Now the psychometric curve of the group (subjects a and b) whith its plotted SE is:

# subject a+b
myfit.t <- glm(lcorr~exp_dur*subj, binomial(probit), mydata)
sc1t <- with(mydata, tapply(lcorr, exp_dur, mean))
plot(as.numeric(names(sc1t)), sc1t, log="x", xlab="Contrast", ylab="P correct", cex=1.5)
cnt <- seq(2250, 3450, len=2000)
Long.Pred.t <- predict(myfit.t, newdata=data.frame(exp_dur=cnt), type="response", se.fit=T)
polygon(c(cnt, rev(cnt)), c(Long.Pred.b$fit + Long.Pred.b$se.fit, rev(Long.Pred.b$fit - Long.Pred.b$se.fit)), border="white", col="lightgrey")
lines(cnt, Long.Pred.t\$fit, lwd=2, lty=3)
points(as.numeric(names(sc1t)), sc1t, cex=1.5)


At a visual inspection, I don't think this is the confidence interval of the group.
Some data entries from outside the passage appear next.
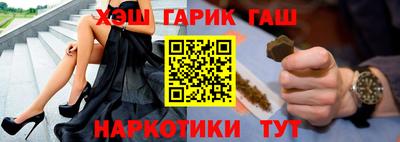 прущая мука Комсомольск-на-Амуре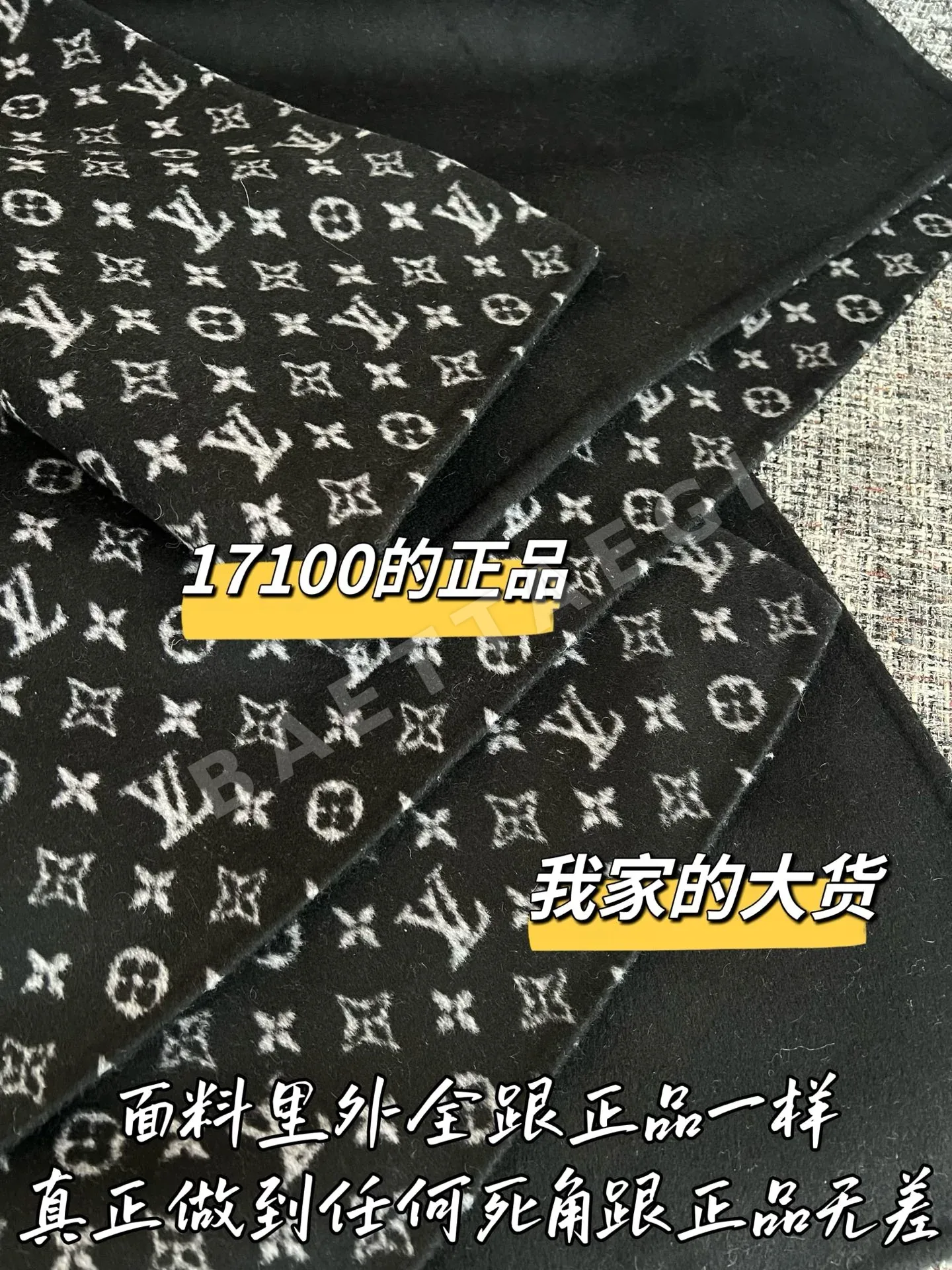 루이비통 숄 코트 상세 이미지 7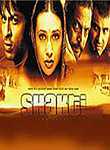Shakti: Bonus Material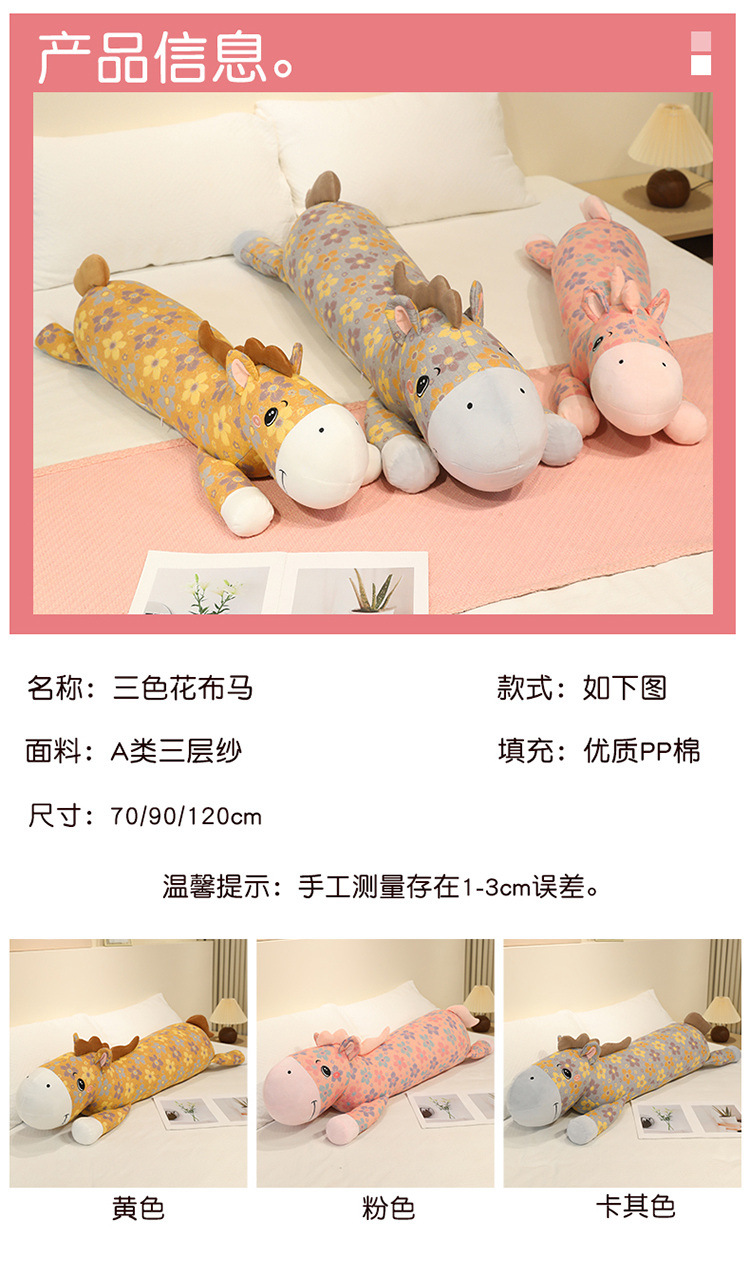 可爱三层纱布马长抱枕女生睡觉趴马夹腿枕大号毛绒玩具马玩偶枕头-阿里巴巴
In fact, in the formula used, I did not specified that the data comes from 2 subject, and R interpret like this is a single subject.

So, what is the method to get the S.E. for the group in a GLM analysis?

I'm quite sure that the correct approach to this kind of problem is GLMM (lme4 package), but I'm not familiar with it, and it seems to be hard to plot the predict data for glmer models, which would look like this:

mod1 <- glmer(lcorr ~ exp_dur + (1 + exp_dur|subj), family = binomial(link = "probit"), data=mydata)


How can I plot the S.E. of the group' psychometric curve?